Stored records:
>>>

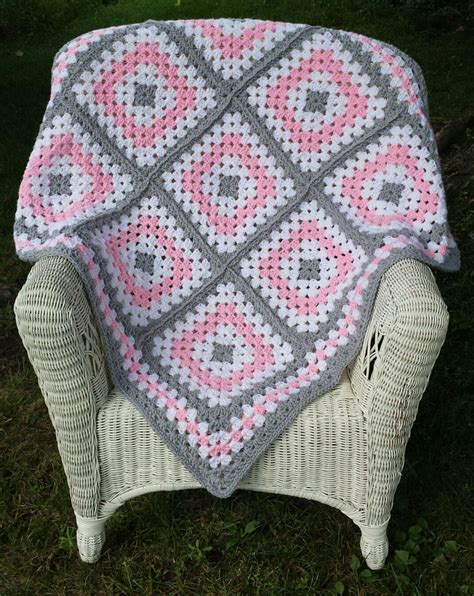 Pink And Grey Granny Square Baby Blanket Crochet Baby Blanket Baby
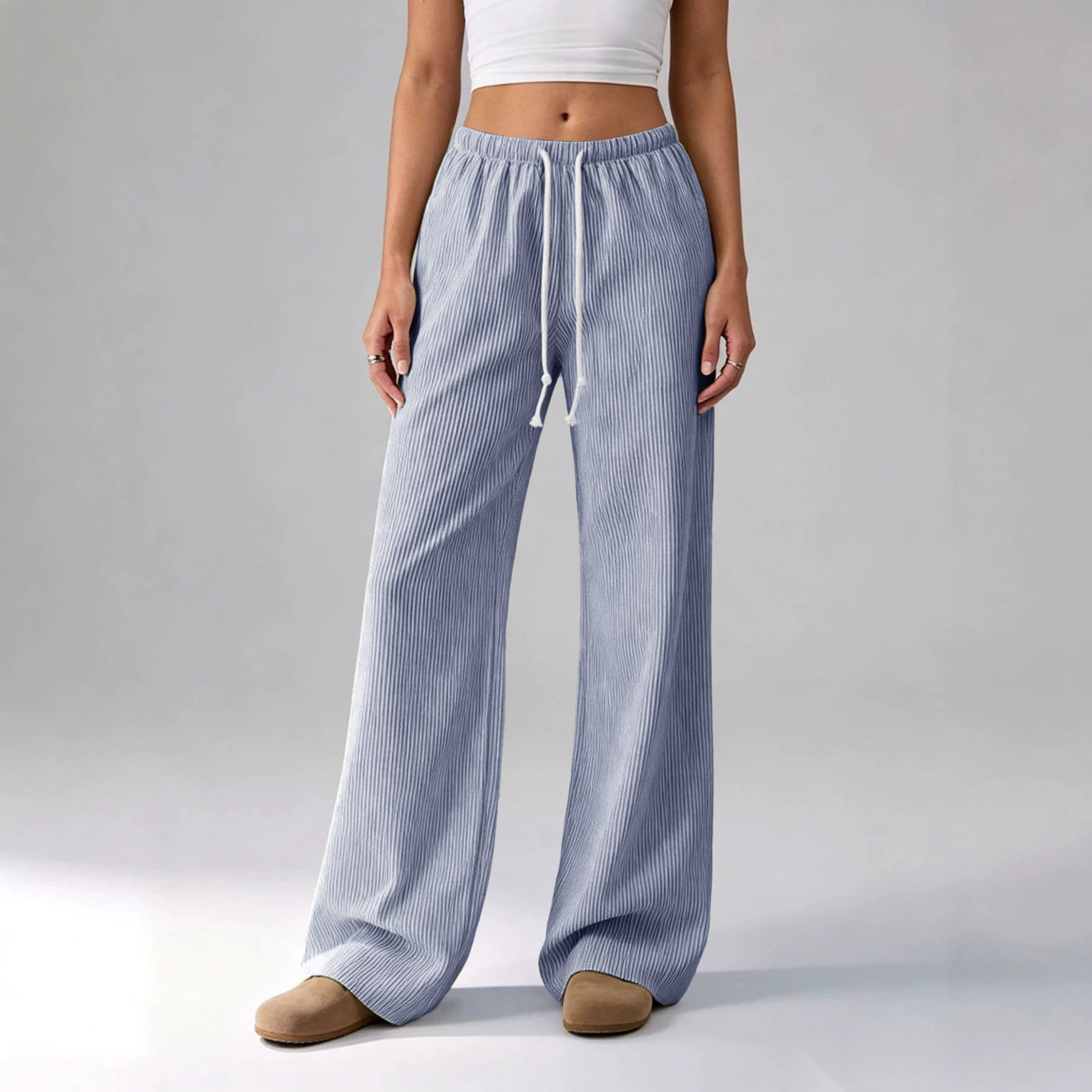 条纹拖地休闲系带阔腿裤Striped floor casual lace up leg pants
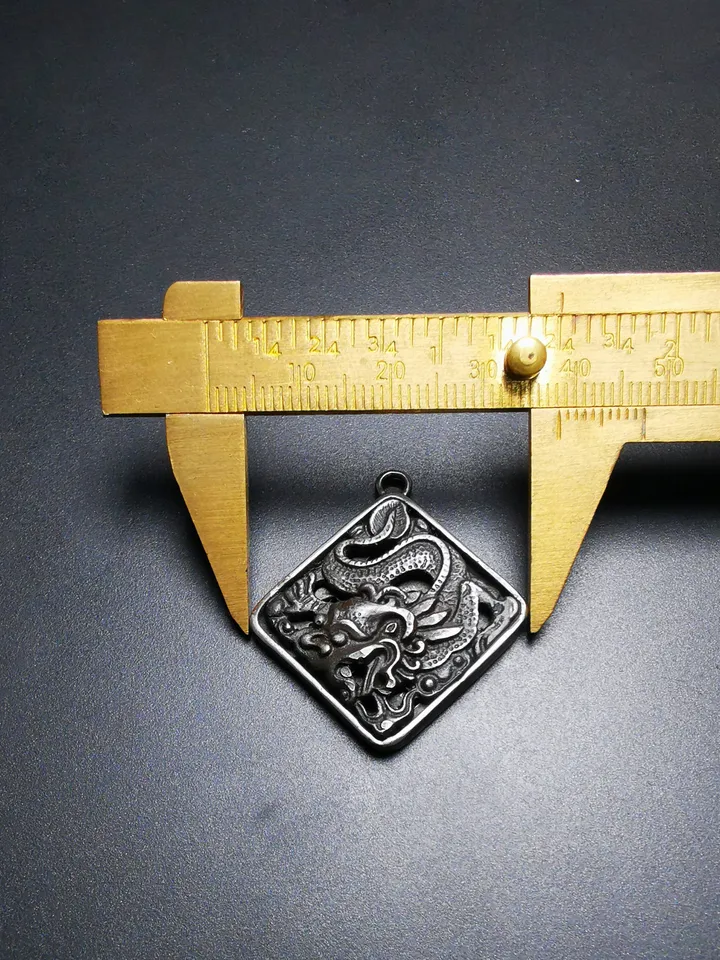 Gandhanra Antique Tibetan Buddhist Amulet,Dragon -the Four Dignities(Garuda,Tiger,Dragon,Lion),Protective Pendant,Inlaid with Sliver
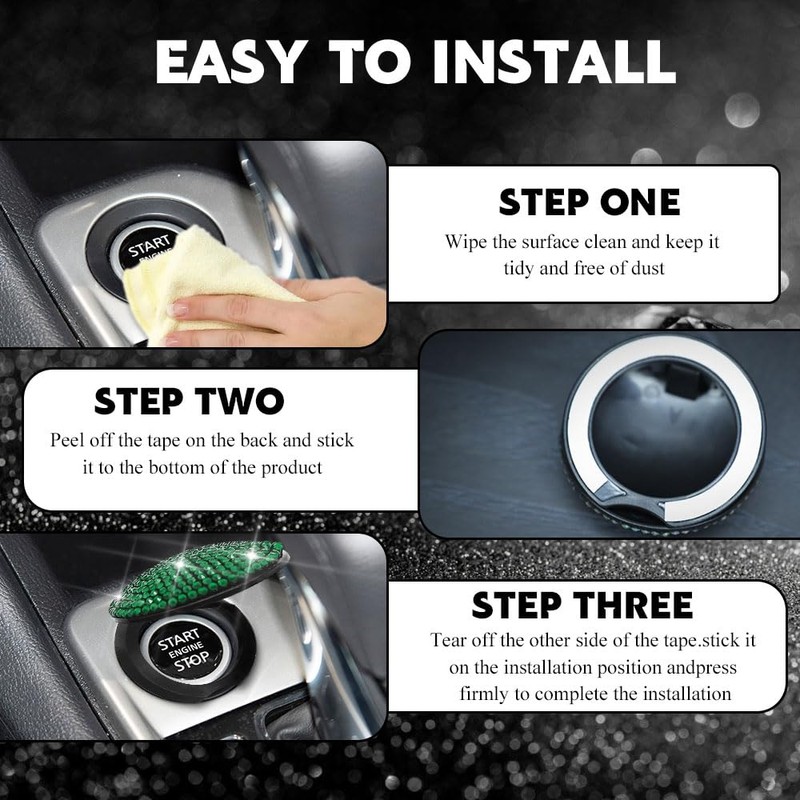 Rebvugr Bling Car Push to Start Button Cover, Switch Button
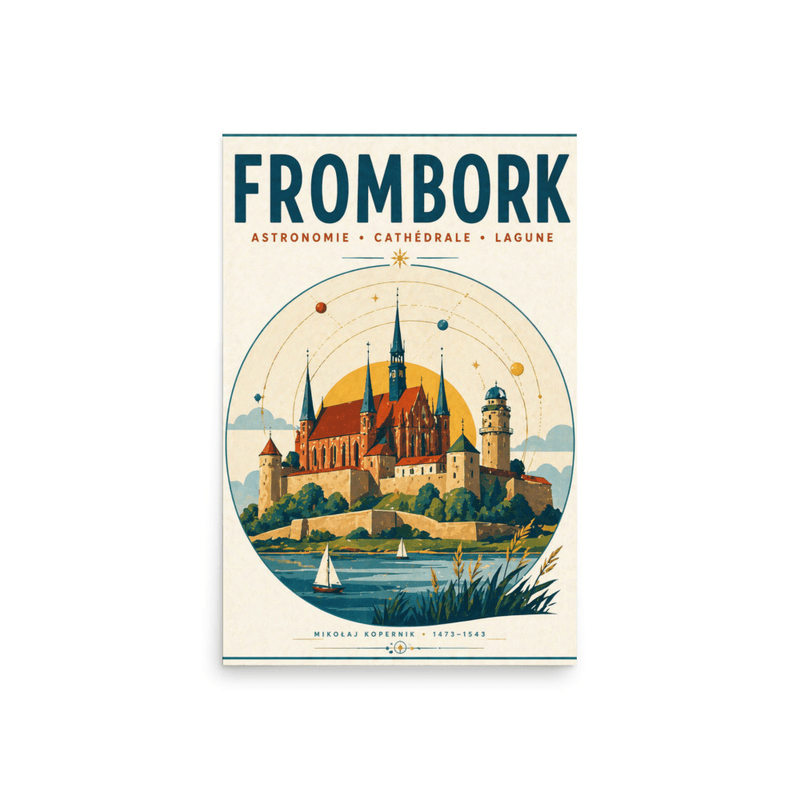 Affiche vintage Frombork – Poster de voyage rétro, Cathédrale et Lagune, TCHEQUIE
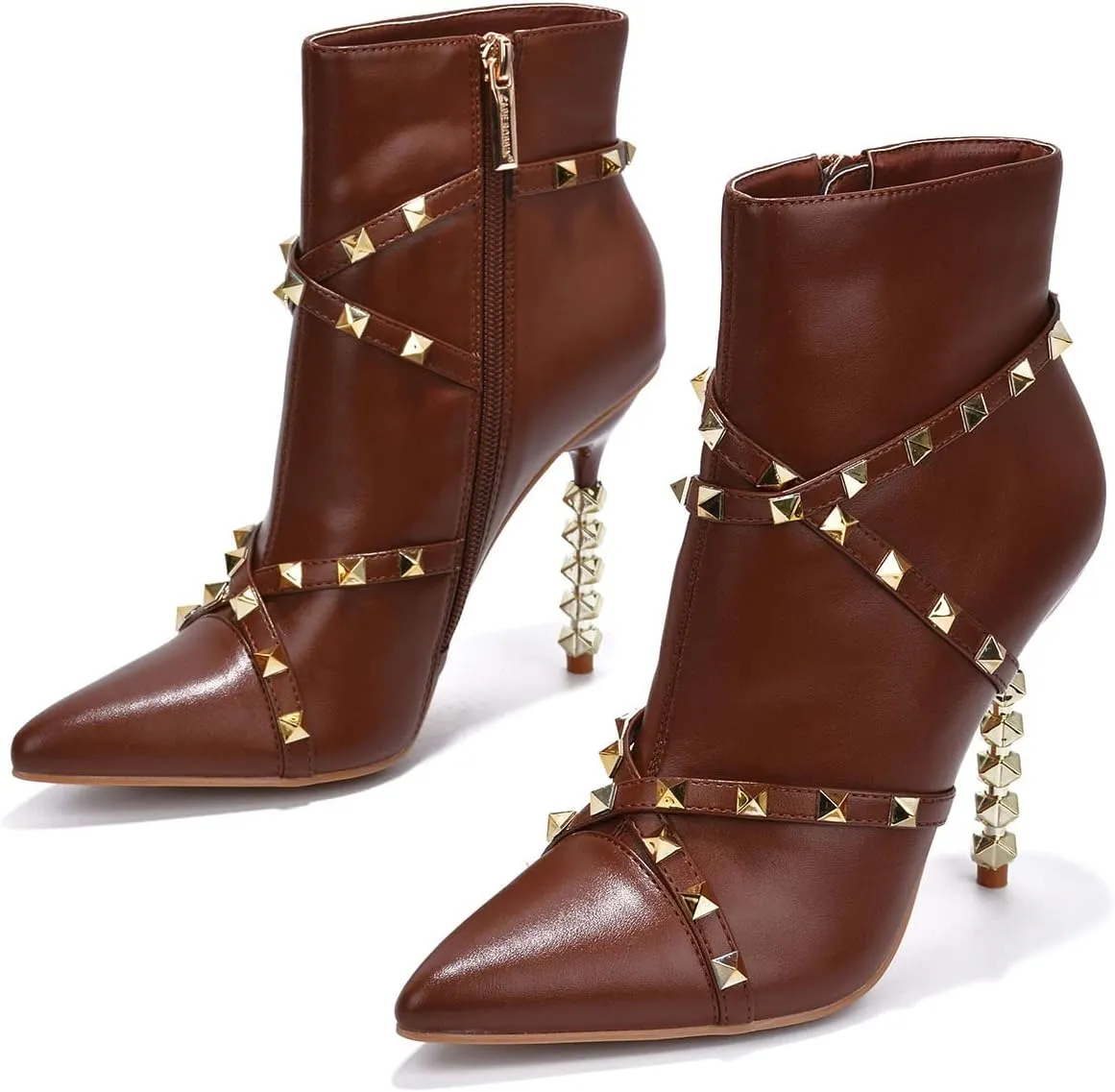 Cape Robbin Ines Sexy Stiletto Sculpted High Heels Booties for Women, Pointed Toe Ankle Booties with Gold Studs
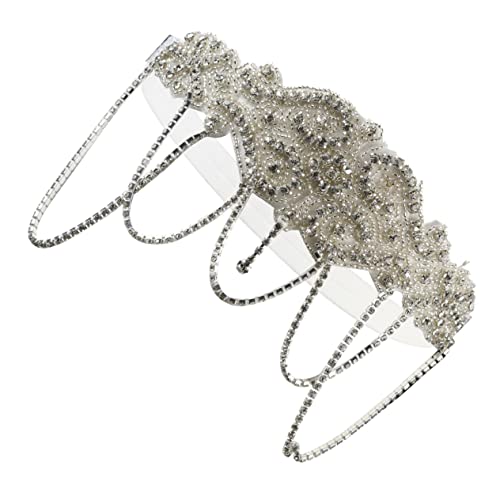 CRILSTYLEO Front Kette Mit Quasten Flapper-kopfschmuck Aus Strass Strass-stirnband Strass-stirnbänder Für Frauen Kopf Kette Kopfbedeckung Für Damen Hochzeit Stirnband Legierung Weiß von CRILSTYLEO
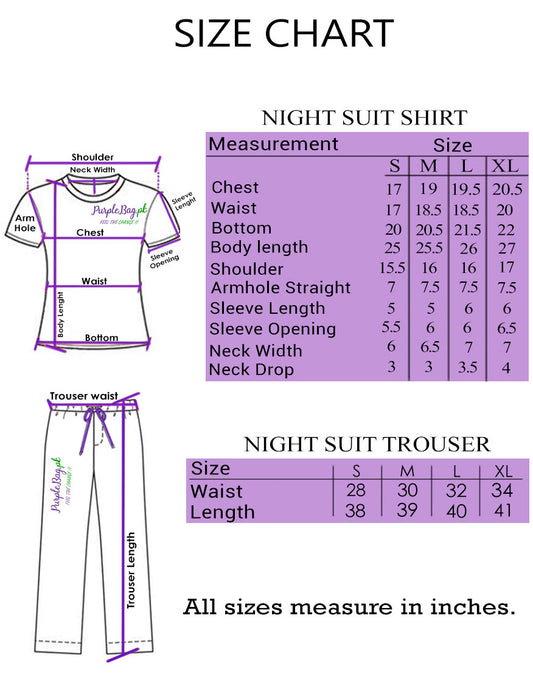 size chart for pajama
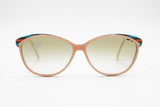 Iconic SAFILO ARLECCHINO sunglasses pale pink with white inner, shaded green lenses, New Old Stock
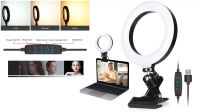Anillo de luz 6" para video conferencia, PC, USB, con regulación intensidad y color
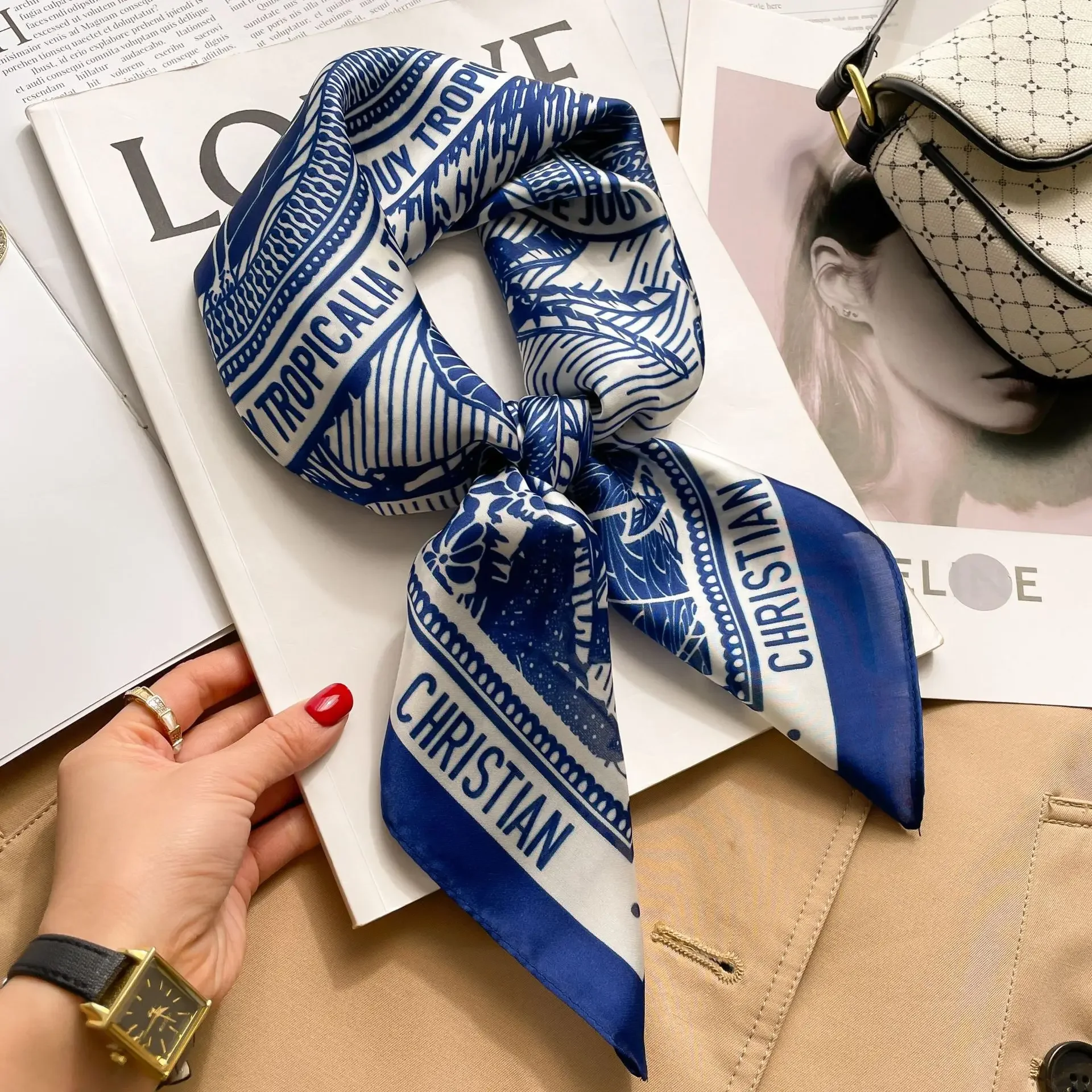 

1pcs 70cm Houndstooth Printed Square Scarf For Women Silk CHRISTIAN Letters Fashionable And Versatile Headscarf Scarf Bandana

<<<

What you have to do: Print the data above exactly; drop every picture.

Result for this task:
 Pink And Grey Granny Square Baby Blanket Crochet Baby Blanket Baby
 条纹拖地休闲系带阔腿裤Striped floor casual lace up leg pants
 Gandhanra Antique Tibetan Buddhist Amulet,Dragon -the Four Dignities(Garuda,Tiger,Dragon,Lion),Protective Pendant,Inlaid with Sliver
 Rebvugr Bling Car Push to Start Button Cover, Switch Button
 Affiche vintage Frombork – Poster de voyage rétro, Cathédrale et Lagune, TCHEQUIE
 Cape Robbin Ines Sexy Stiletto Sculpted High Heels Booties for Women, Pointed Toe Ankle Booties with Gold Studs
 CRILSTYLEO Front Kette Mit Quasten Flapper-kopfschmuck Aus Strass Strass-stirnband Strass-stirnbänder Für Frauen Kopf Kette Kopfbedeckung Für Damen Hochzeit Stirnband Legierung Weiß von CRILSTYLEO
 size chart for pajama
 Iconic SAFILO ARLECCHINO sunglasses pale pink with white inner, shaded green lenses, New Old Stock
Anillo de luz 6" para video conferencia, PC, USB, con regulación intensidad y color

1pcs 70cm Houndstooth Printed Square Scarf For Women Silk CHRISTIAN Letters Fashionable And Versatile Headscarf Scarf Bandana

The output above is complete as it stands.